Je ne sais pas pourquoi Dieu n’a pas regardé d’un bon oeil ton offrande. Mais toi, pourquoi as-tu offert? Offrande gratuite ou offrande intéressée? Acte de vénération pour ton Dieu ou geste qui voulait concurrencer ton frère?
Les êtres humains aiment gratuitement. Mais ils haïssent pour faire payer. La haine n’est jamais gratuite. Elle était au rendez-vous quand tu as rencontré Abel au champs du crime. Et depuis, la haine parcourt les routes et s’agglutine à tout ce qui est humain. Elle verse le sang. Elle brutalise. Elle mord. Elle venge et se venge. Les humains ont la mémoire courte. Ils oublient que l’autre est toujours l’os de leurs os et la chair de leur chair.
Je pourrais comprendre (et encore!) si , toi Caïn, tu frappais quelqu’un qui t’a frappé. La douleur engendre souvent des réflexes bizarres comme de reproduire chez l’autre la blessure qu’il a infligée. L’homme descend du singe, dit-on. Il a pris ses distances de la bête, mais la distance n’est pas assez grande pour qu’il ait perdu l’instinct d’imiter et de reproduire ce que les autres lui font.
Je comprends moins, et même pas du tout, quand la haine fait choisir des innocents pour assouvir sa passion de détruire. Des enfants par exemple. Caïn, dis-moi: quel âge avait Abel quand tu l’as frappé? Quel châtiment Abel méritait-il, lui qui ne t’avait pas blessé? Quel châtiment les enfants méritent-ils, même quand ils ne sont pas sages? Personne ne mérite la haine, les enfants moins que les autres. Il faut aimer les enfants pour qu’ils apprennent eux-mêmes à aimer. Bien sûr, la vie n’est pas facile et les enfants n’échappent pas à sa dureté. Mais peut-on abandonner les enfants à la merci du mal? Ils sont trop fragiles pour les laisser se débattre avec la méchanceté. Il leur faut des moyens de relever le défi de vivre et de vivre heureux avec d’autres.

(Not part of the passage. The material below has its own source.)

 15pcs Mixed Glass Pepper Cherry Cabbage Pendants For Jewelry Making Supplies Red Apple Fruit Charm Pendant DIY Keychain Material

Sur cette planète, il existe des enfants qui n’ont pas connu autre chose que la guerre. Pas autre chose. Même la brise, chez eux, sent le soufre et la poudre à canon. Même le silence répercute le bruit des bombes et des coups de fusil. On apprend à même la vie. Qu’apprennent-ils d’autre que la guerre, ces enfants qui n’ont jamais connu la paix? On apprend des gestes mille fois répétés du quotidien. Qu’apprend-on quand ces gestes tuent, quand ces gestes frappent et blessent?

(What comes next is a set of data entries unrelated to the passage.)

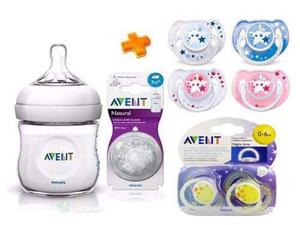 Avent Kit Recien Nacido Natural Mamadera +2 Chupetes+tetinas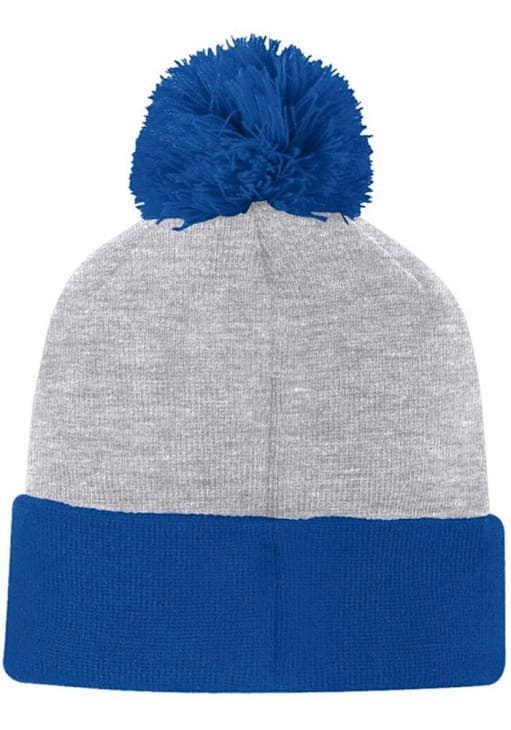 Pitt Panthers Champion GRAY Cuffed Wordmark Beanie Pom Mens Knit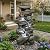 Outdoor Water Fountain Large - Stone Fountains with LED Light for Patio Yard Garden Backyard Decking Outdoor or Entryway Decor 30''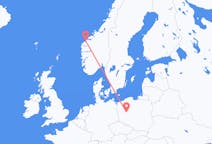 Flyg från Ålesund, Norge till Poznań, Polen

Ces jours-ci, les médias nous lancent des images terribles. Je te vois, Caïn, le couteau à la main. Ne frappe pas Abel, je t’en prie. Coupe du pain, partage-le. Il y a trop d’enfants qui ont faim. On a peut-être blessé le tien, tué même… Venge-toi en aimant assez pour la honte de tes agresseurs, pour les forcer à changer et à se guérir eux-mêmes de la méchanceté qui les anime. On n’obtient rien de la haine sinon un accroissement de haine. La violence engendre la violence. Le mal est le père du mal.

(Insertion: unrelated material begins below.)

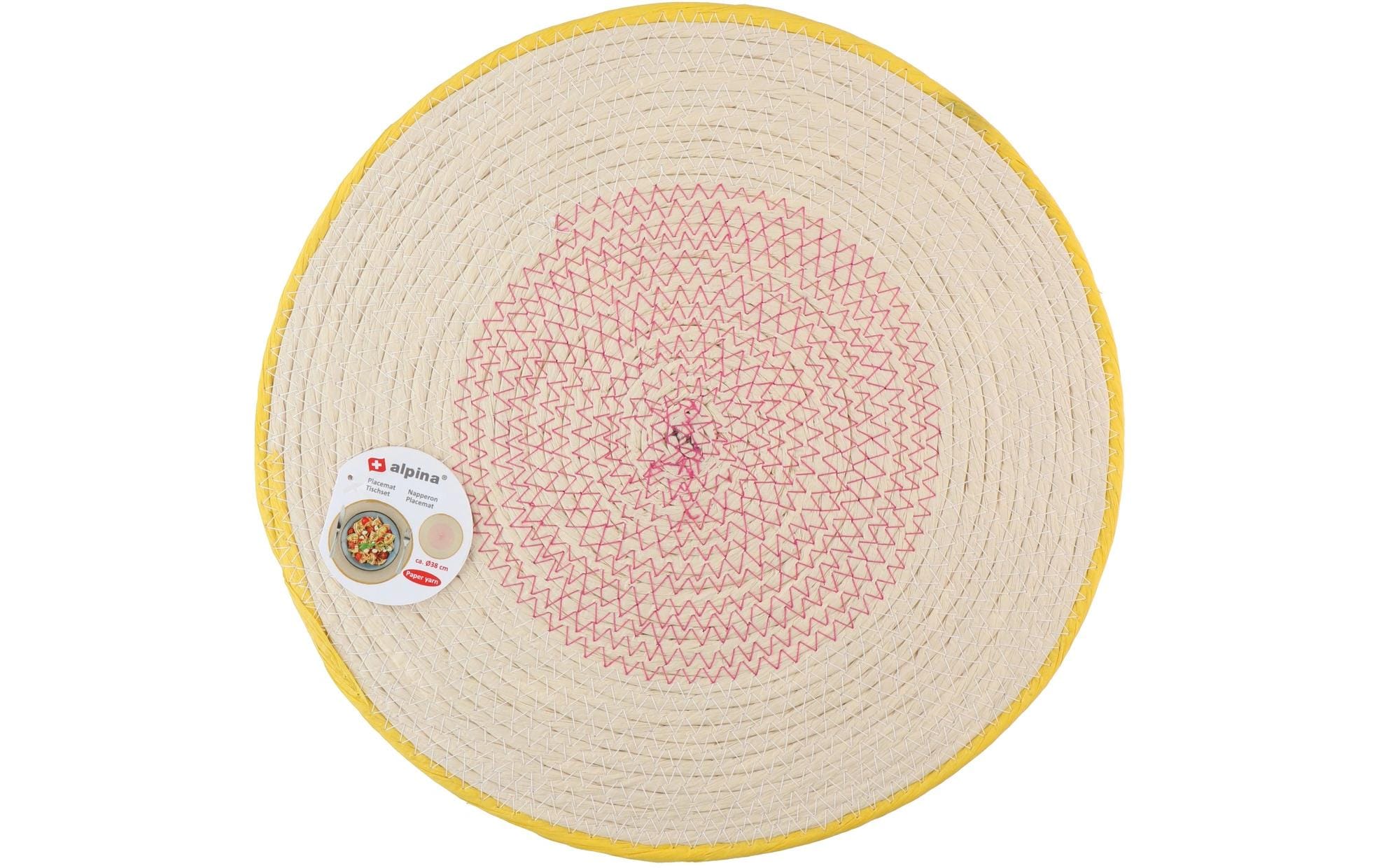 pina Tischset aus Papiergarn, Ø 38cm 38x0.49 cm (DxH)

La Bible dit que le Seigneur mit un signe sur toi, Caïn, afin de te protéger et pour éviter qu’on ne te frappe. Le récit ne dit pas la nature du signe. La tradition imagine une marque sur ton front. M’est avis que c’est plutôt un élan du coeur qui te fait regarder les autres avec les yeux de Dieu lui-même. Ce serait, de toutes les vengeances, la seule acceptable.